The Fechin work is an untitled painting featuring a road through a desert landscape, likely Taos, New Mexico, where the artist lived for a period of his life. The piece, as Blackwelder explains, depicts “winding paths through this mountain-scape. It’s a really big standout.” The painting, which also highlights the artist’s signature vibrant brushstrokes in reds, blues and browns, is estimated to sell between $150,000 and $200,000.
Johnson’s Cowboy Race (est. $60/80,000) is a field study for his painting Dust Stained Riders.
Blackwelder calls the work impactful. She adds, “It has really broad brushstrokes that really allow the audience to feel the movement.”
Marion Kavanaugh Wachtel presents another Southwestern image with her work Walpi,
On The First Mesa. The painting, estimated at $3,000 to $5,000, depicts the Hopi village of Walpi that sits on the narrow edge of First Mesa. As the auction house explains, “The almost monochromatic dwelling and hillside lead the eye to the brightly colored mother and child sharing a tender moment in the foreground.”

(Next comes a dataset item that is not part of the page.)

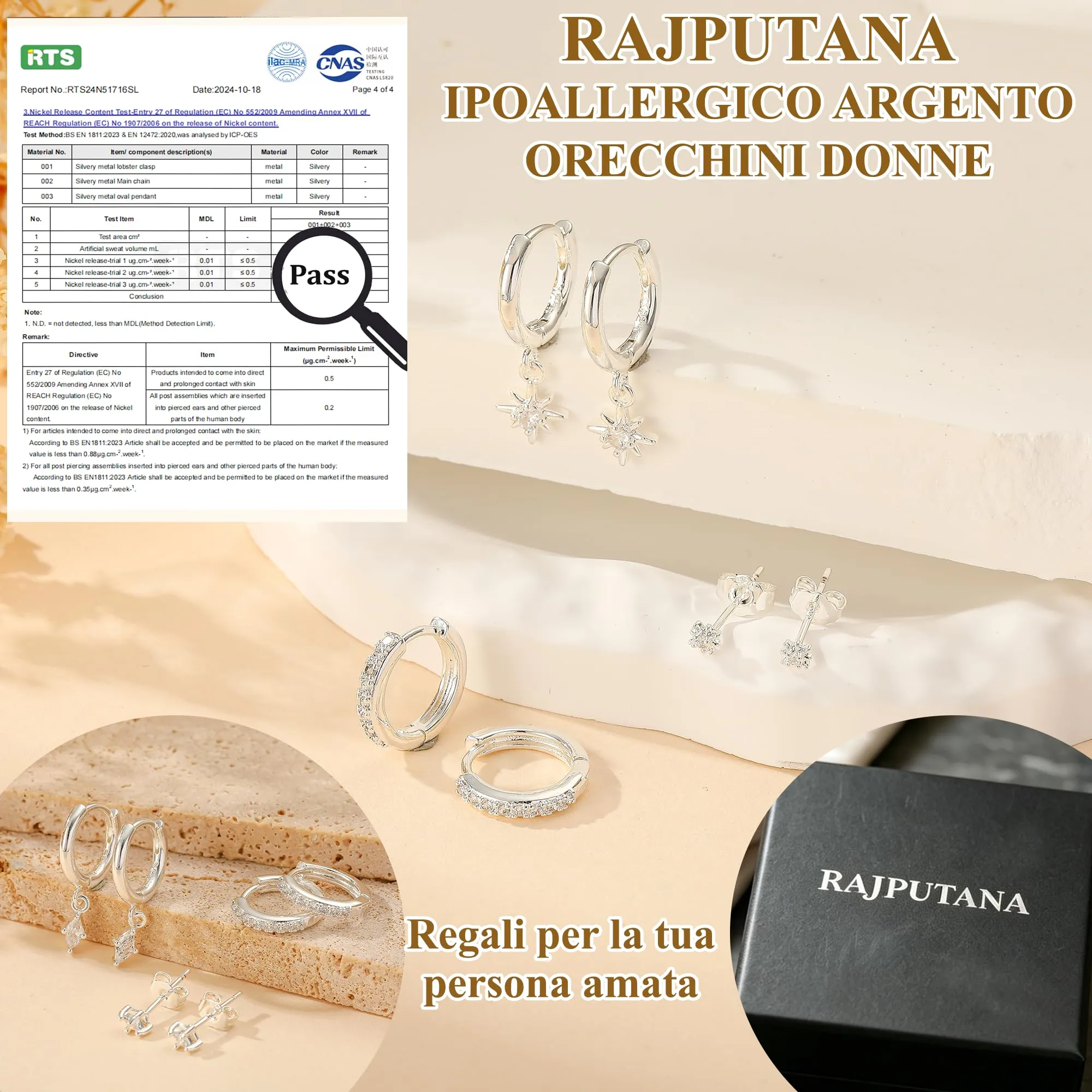 Rajputana Set 3 Paia Orecchini a Cerchio e Pendenti in Argento con Zirconi, Anallergici, RIV001 - immagine 4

There are two desert butte scenes that are also notable in the sale: George K. Brandiff’s 1933 painting Butte – New Mexico (est. $15/20,000) and Towering Butte by Hanson Duvall Puthuff that is expected to sell between $8,000 and $12,000.
California Impressionist paintings are always collector favorites in the sales—particularly
because of the auction house being located in Monrovia, California. The standout piece in the category is This is My Own, My Native Land, a 1932 painting by William Wendt that takes its title from a line in Sir Water Scott’s poem The
Lay of the Last Minstrel. Wendt, who was born in Germany and settled in California, had a true admiration and dedication to his adopted home state. The auction house explains, “That love of place is rendered in fond detail in this work, with the freshly tilled slopes hugging the hillside dotted with live oak trees with just a peak of the foothills off in the distance.” The work has an estimate of $250,000 to $350,000.

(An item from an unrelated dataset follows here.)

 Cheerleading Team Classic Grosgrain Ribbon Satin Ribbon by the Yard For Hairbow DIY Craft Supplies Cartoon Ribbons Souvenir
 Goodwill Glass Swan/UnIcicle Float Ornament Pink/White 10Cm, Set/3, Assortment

Franz Bischoff is represented by his coastal painting A Deep Cove – Balboa Rocks, which shows waves crashing against sharp rock formations. It is estimated at $20,000 to $30,000. “When collectors think of his work, it tends to lean toward many other subject matters, with his floral still lifes really being the top of his market,” says Blackwelder. “You have a work like this that is really impactful.
He’s applying the same subtleties he applies in still lifes into this coastal scene. It’s a bit more atypical…but it would be a lovely addition that doesn’t come to the market very often.”